Adjusted data on monkeypox, a Type-2 disease as per the SIA, have been used in a study conducted in the DRC by Hoff et al. This study using IDSR morbidity data on monkeypox proposed two adjustment methods: a comparison of monkey pox with two control diseases (acute flaccid paralysis and neonatal tetanus), and a scenario tree model to estimate the proportion of potentially lost cases in the DRC health system [23].

Our study indicates that IDSR morbidity data on yellow fever, malaria, typhoid fever, and rabies (Type-3 diseases) should not be used for epidemiological research or public health purposes, due to their low level of adequacy in reflecting actual morbidity.

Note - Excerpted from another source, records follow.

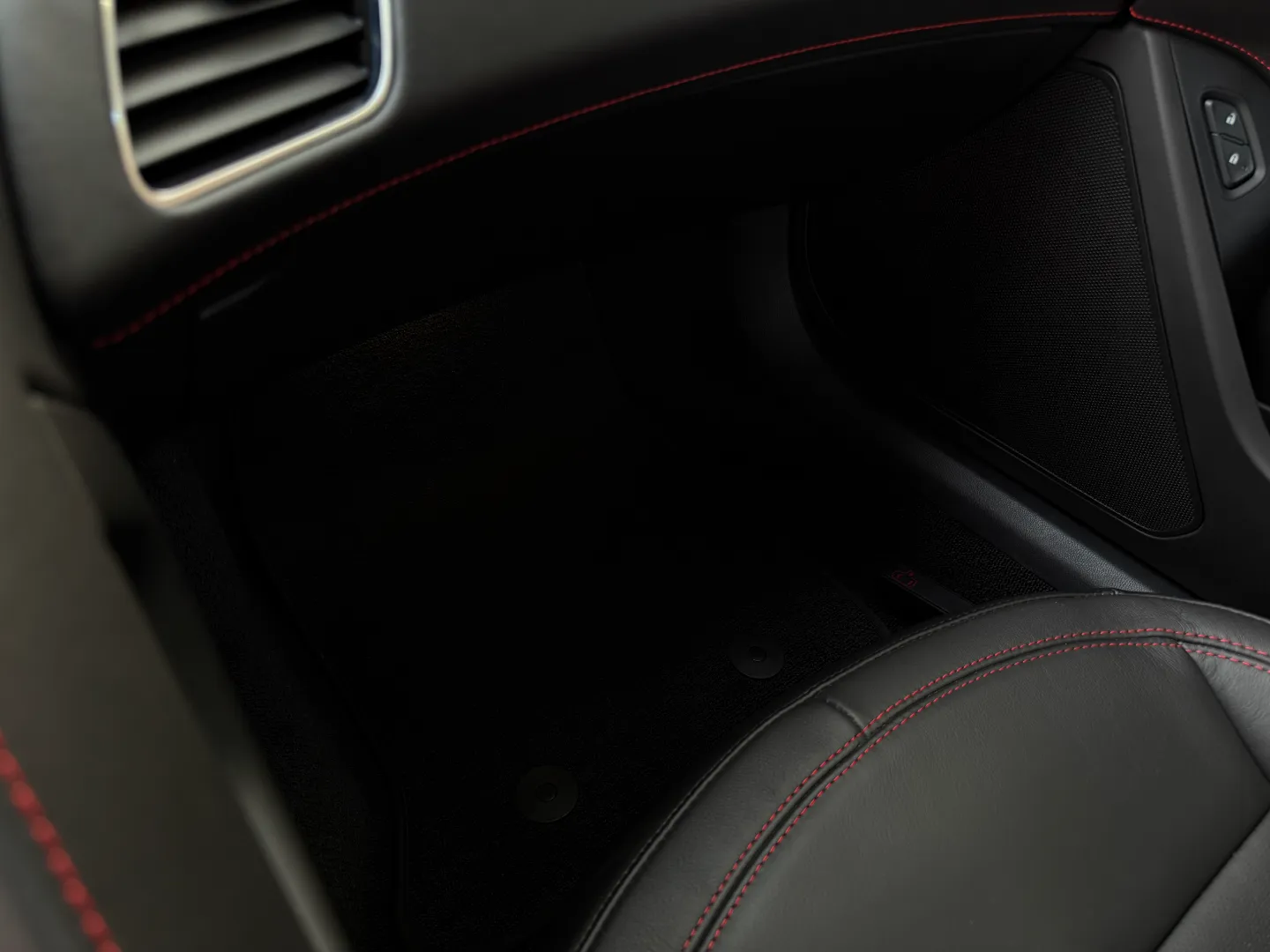 Chevrolet Corvette Stingray 3LT Coupe — photo 69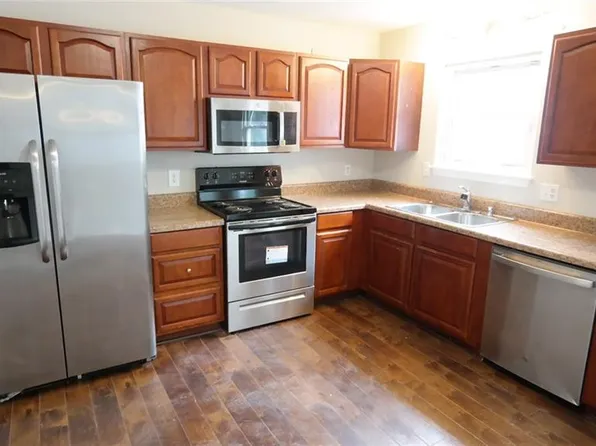 2946 Old Glory Rd, Virginia Beach, VA 23453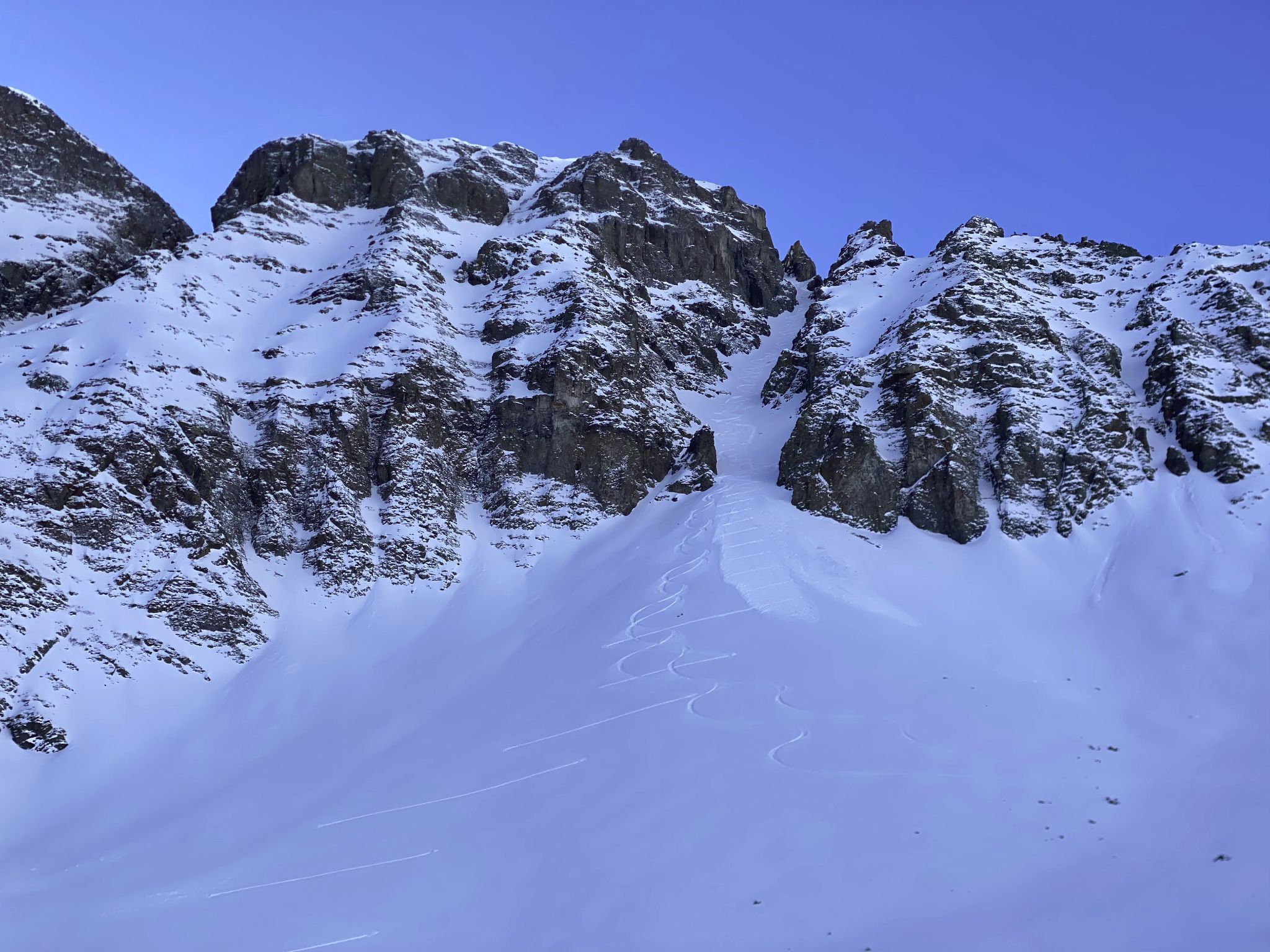 V5 ski 24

Until 2014, the clinical and presumptive diagnosis of malaria based solely on fever likely induced many false positives. Several infectious diseases can cause fever, which may explain the large gap between supposed and actual cases of malaria [22, 29, 31]. The same applies to yellow fever and typhoid fever, which can be confused with several other pathologies when they are syndromically diagnosed. One of the main reasons for the misdiagnosis of rabies, and for the limited use of data on the disease, may be its long incubation period. It is indeed difficult for health workers to link a dog bite that occurred 1 to 3 months earlier to recent symptoms. The clinical diagnosis of rabies can also be difficult if the specific signs of hydrophobia or aerophobia are not present [32, 33]. Lastly, bat-acquired cases of rabies may be missed because health care providers fail to inquire into the history of bat bites [34].

Conclusion

Our study found that the quality of IDSR morbidity data is highly variable from one disease to another. If confirmed, these findings could prompt a revision of the IDSR strategy as it is applied in low- and middle-income countries. The different algorithms of disease surveillance could be reconsidered and improved, especially those that rely on a syndromic approach. Lastly, the SIA could be applied: 1) to monthly reported diseases; and 2) to weekly reported diseases in other low- and middle-income countries that are not monitored using a syndromic approach.